10 Greatest Guitar Duos In Rock Music History
6. Stone Gossard and Mike McCready - Pearl Jam
Looking back on the music that they made, can we really call Pearl Jam a grunge band? As much as they repped for Seattle and became one of the biggest bands around right as grunge was starting to reach its peak, their sound was nothing like the more...well...grunge-y stuff you were hearing out of people like the Melvins and Mudhoney. If you asked Stone Gossard, these guys are basically just a band from the '70s who just happened to form a few decades late.

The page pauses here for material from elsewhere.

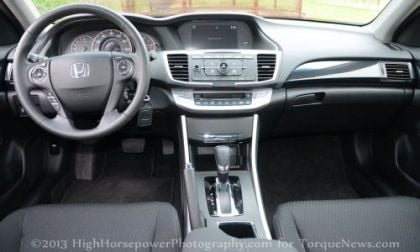 The dash of the 2013 Honda Accord Sport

Listening to some of the band's first few demos, Stone Gossard had a unique touch on how to write riffs the size of stadiums, with songs like Alive and Even Flow working incredibly well against Eddie Vedder's voice. The riffs are only going to take you so far, and we practically had a musical Swiss Army Knife on our hands with Mike McCready.
Despite some blow back from some alternative fans for leaning to heavy on classic rock cliches, McCready is the kind of bluesy guitar player that separated PJ from their competition, being as much a fan of people like Johnny Thunders as he was of people like Jimi Hendrix and Stevie Ray Vaughan. Though there are many different kinds of guitar sounds in grunge to begin with, there aren't many teams that have a pedigree that would make Neil Young proud.